Basic information from the world of oils
Basic terms and definitions
Viscosity is a level of a resistance of a liquid to flowing.
All oils are classified to viscosity classes according to:
- SAE (motor and gearbox oils)
- ISO (industrial oils)
A lower viscosity puts less resistance to movement but it doesn’t ensure a reliable lubrication.
A higher viscosity lowers the wear of the friction surfaces but increases the energy consumption.
The SAE classification of the motor oils distinguishes 6 winter classes W from 0W up to 25W and 5 summer classes from 20 to 60. For the gearbox oils, there are 3 winter W classes from 75W to 85W and three summer classes from 90 to 250. The summer classes have defined viscosities at 100 °C and winter classes at different temperatures below zero.
The multigrade oils may comprise both, SAE winter and summer classes at the same time.
The ISO classification sorts the oils according to their kinematic viscosity at 40 °C.
Performance level – the capacity to work in difficult conditions.
The performance level is most often given by the API specification for motor and gearbox oils as well as by the ISO specification for industrial oils.

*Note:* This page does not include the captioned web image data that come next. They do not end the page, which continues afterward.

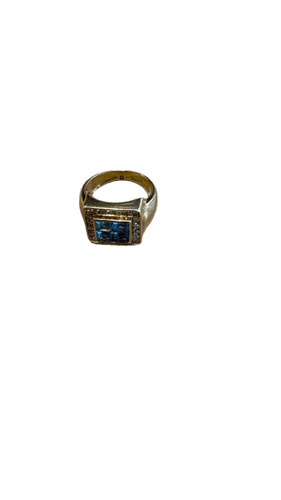 Bague 50 Bague en or jaune avec topazes et diamants 58 Facettes Bague 001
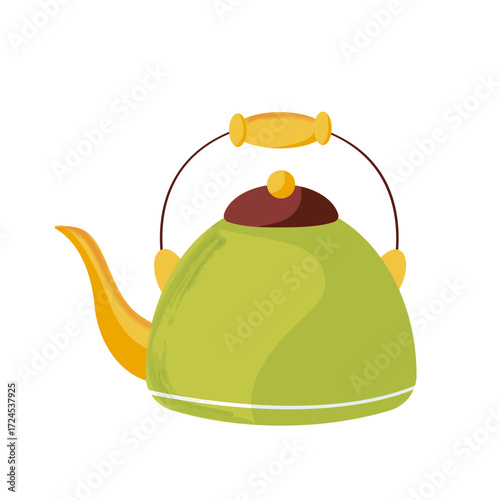Traditional cast iron teapot. Green teapot with yellow handle. Green teapot with gold decor.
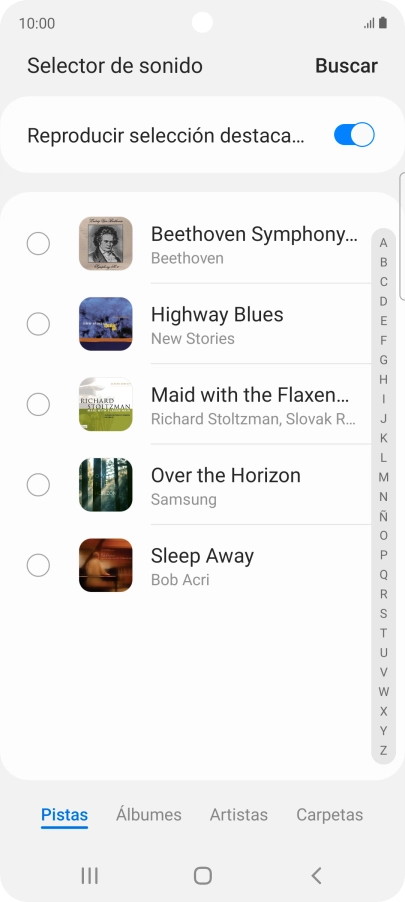 Pulsa los timbres de llamada deseados para escucharlos.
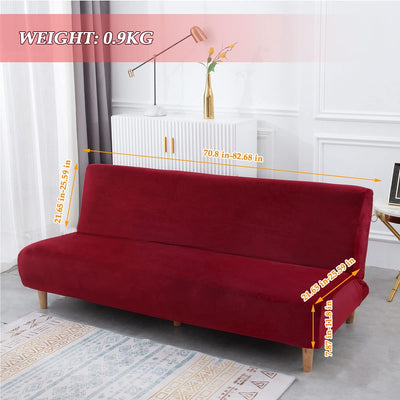 Mingfuxin Armlose Schlafsofabezüge, Stretch-Samt Futon Couchbezug Dicke weiche gemütliche Sofa Schon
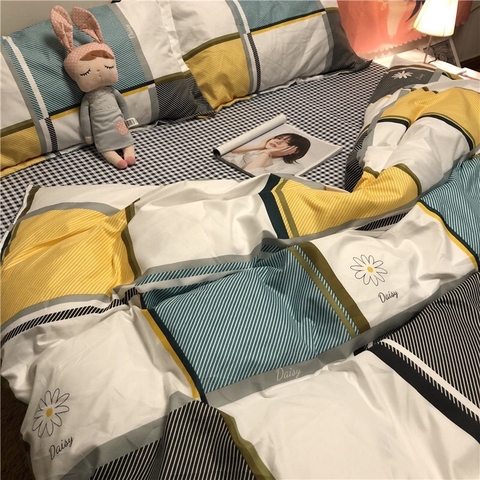 Bộ Chăn Ga Gối 5 Món Cotton Poly Hàn Quốc In Hình Ô Vuông Phối Nhiều Màu- CP50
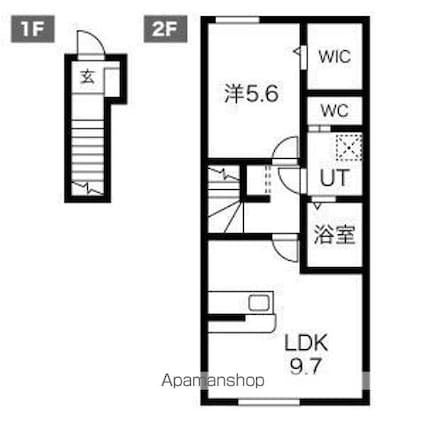 ＲＥＳＩ　ＮＡＧＡＩ（レジながい）Ⅱ[1LDK/44.05m2]の間取図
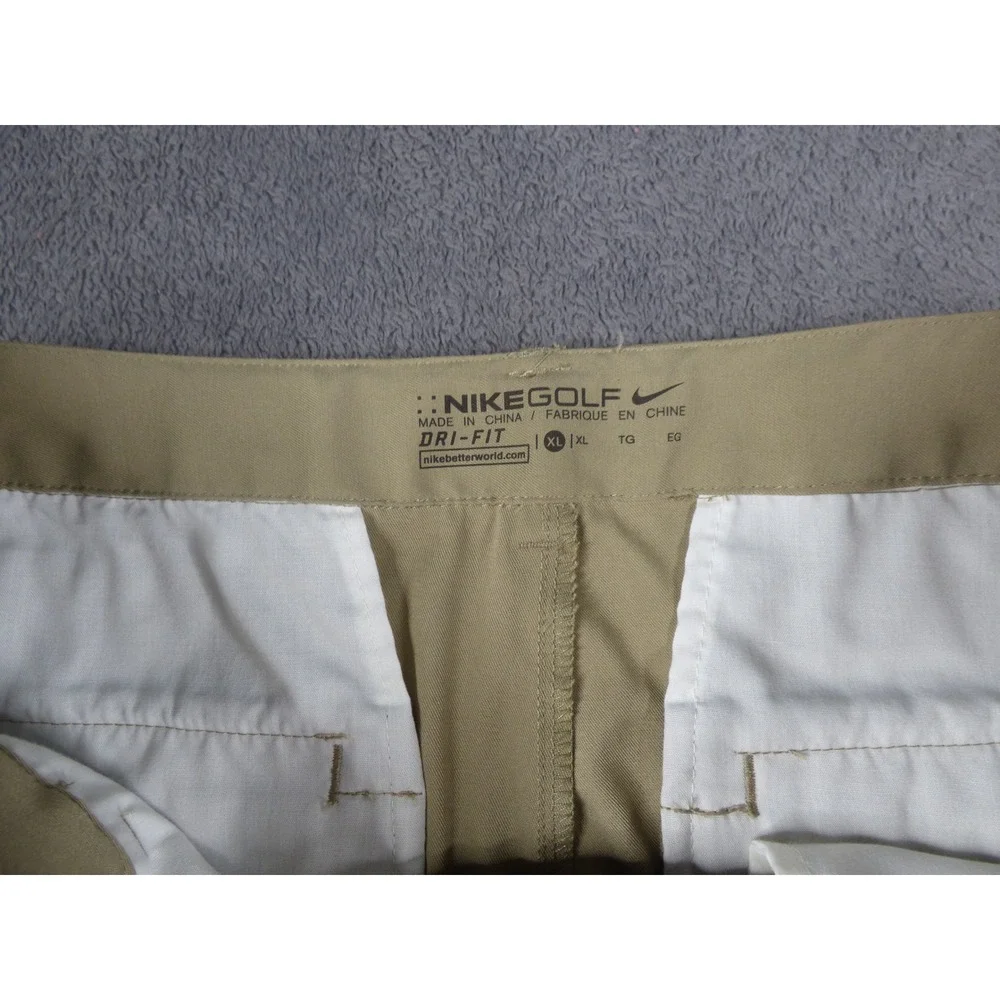 Nike Golf Dri-FIT Shorts Mens XL Khaki Tan Performance Flat Front Golfing 38W - Picture 3 of 6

The specifications lay down the minimum values for the industrial and engine tests the respective oils has to pass.
In Europe, the specifications of performance levels are also issued by the ACEA – European Automobile Manufacturers’ Association and such significant car makers as MB, MAN, VW, VOLVO etc.

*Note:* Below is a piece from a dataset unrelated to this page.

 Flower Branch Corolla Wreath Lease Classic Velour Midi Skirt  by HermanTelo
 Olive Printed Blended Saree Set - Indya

Fuel saving (Full Efficiency) – is achieved by use of less viscosity oils and friction modifiers.
The properties of the lubrication oils depend on their composition. The lubrication oils consists of the basic oil and viscosity and performance additives.
Basic oils are most often petroleum oils but synthetic oils are increasingly expanding (polyalphaoleffins, esters etc.). The basic oils themselves cannot fulfill the requirements of the current specifications and that is why the properties are improved by additives.
Viscosity ingredients increase the viscosity at higher temperatures and only slightly the viscosity at temperatures below 0 °C. As usual, they are polymers.
Performance additives improve the resistance to oxidation, lubricating capacity, detergent and dispersive properties and anti-corrosion protection.
SAE (Society of Automotive Engineers) American agency that was found at the beginning of the last century and its specifications is recognized in the whole world.
API ( American Petroleum Institute), American agency that was found at the beginning of the last century and its specifications is recognized in the whole world.
ACEA (Association des Constructeurs Européens des Automobiles) – Association of European Car Makers.
ISO (International Standard Organization) is active in the field of standardization.